Data supplied ::
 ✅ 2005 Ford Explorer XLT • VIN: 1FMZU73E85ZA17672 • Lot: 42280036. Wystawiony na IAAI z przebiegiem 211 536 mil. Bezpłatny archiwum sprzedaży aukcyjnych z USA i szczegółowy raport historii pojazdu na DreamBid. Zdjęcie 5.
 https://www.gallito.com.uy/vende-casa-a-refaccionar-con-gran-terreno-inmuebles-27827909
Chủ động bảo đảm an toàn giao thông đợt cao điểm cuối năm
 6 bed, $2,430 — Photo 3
...
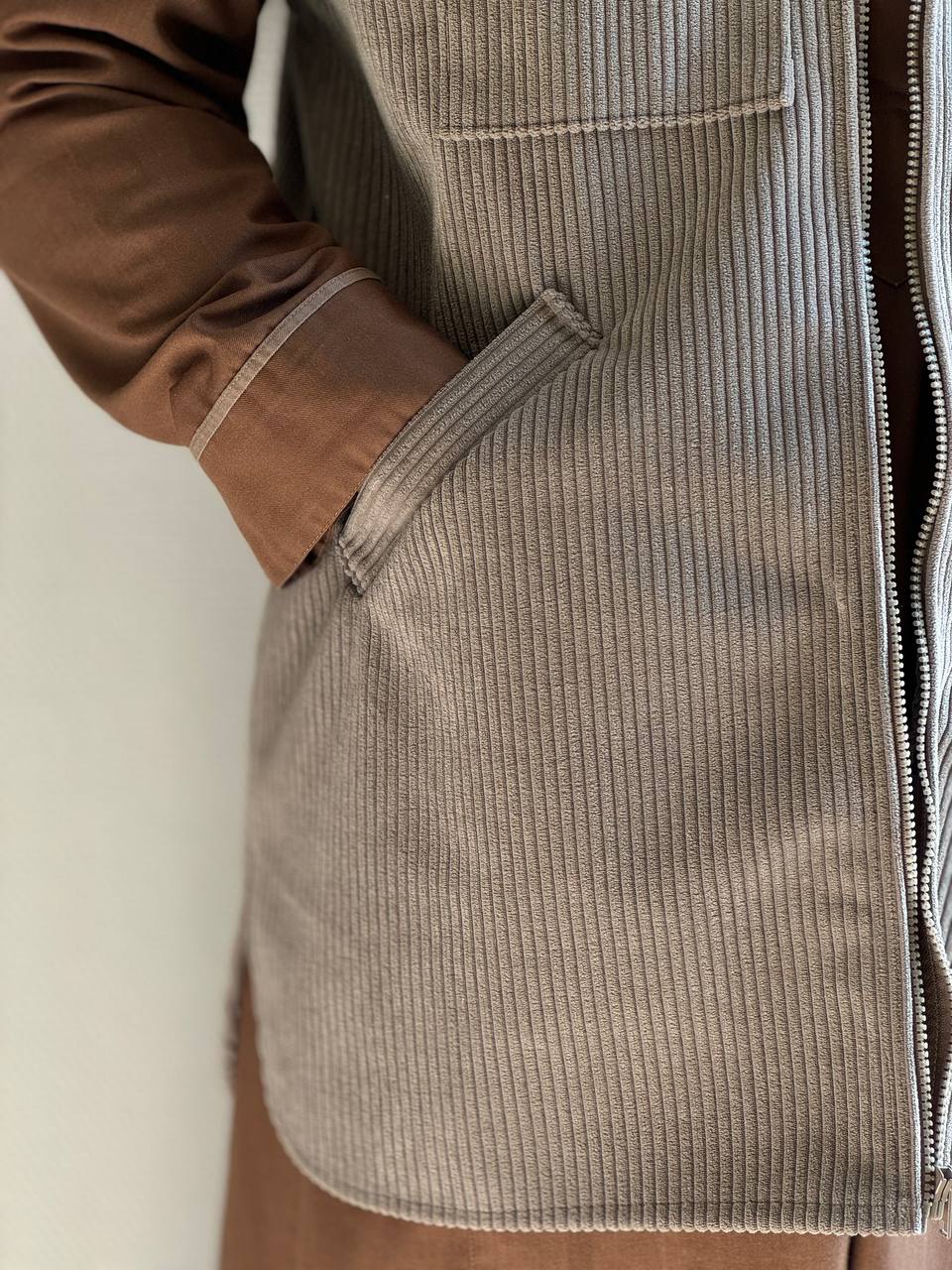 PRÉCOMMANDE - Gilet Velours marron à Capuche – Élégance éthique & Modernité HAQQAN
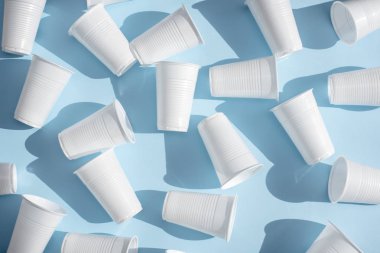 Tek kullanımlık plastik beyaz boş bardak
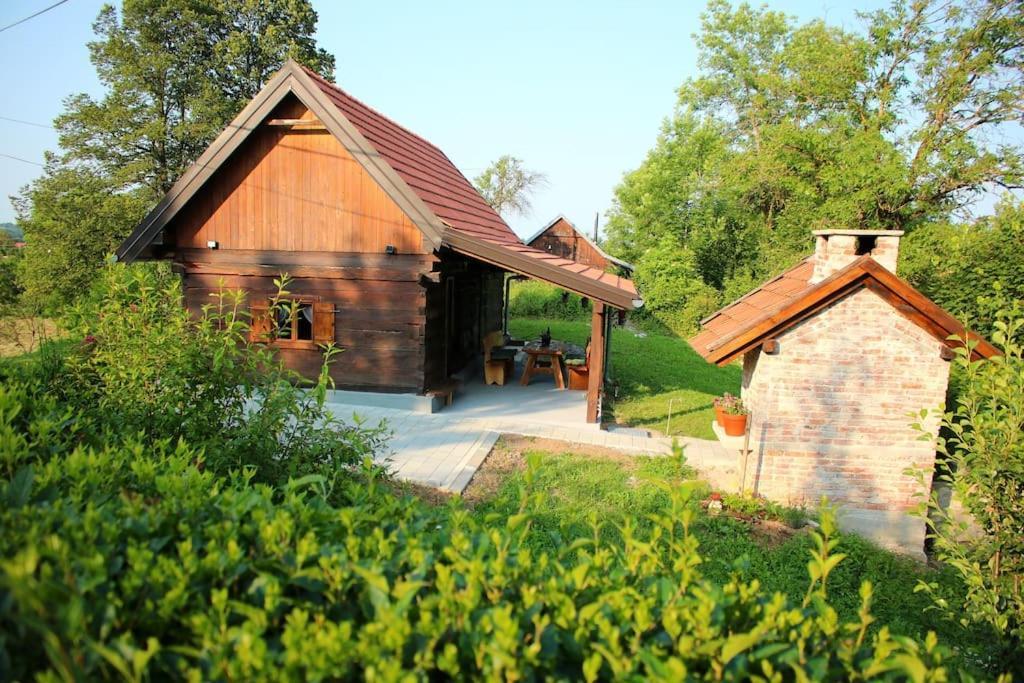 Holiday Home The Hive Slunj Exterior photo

What the task requires :: What you return should be exactly the lines above, starting at the one with "DreamBid. Zdjęcie 5." and ending at the one with "6 bed, $2,430 — Photo 3", and nothing else.

Expected answer ::
 ✅ 2005 Ford Explorer XLT • VIN: 1FMZU73E85ZA17672 • Lot: 42280036. Wystawiony na IAAI z przebiegiem 211 536 mil. Bezpłatny archiwum sprzedaży aukcyjnych z USA i szczegółowy raport historii pojazdu na DreamBid. Zdjęcie 5.
 https://www.gallito.com.uy/vende-casa-a-refaccionar-con-gran-terreno-inmuebles-27827909
Chủ động bảo đảm an toàn giao thông đợt cao điểm cuối năm
 6 bed, $2,430 — Photo 3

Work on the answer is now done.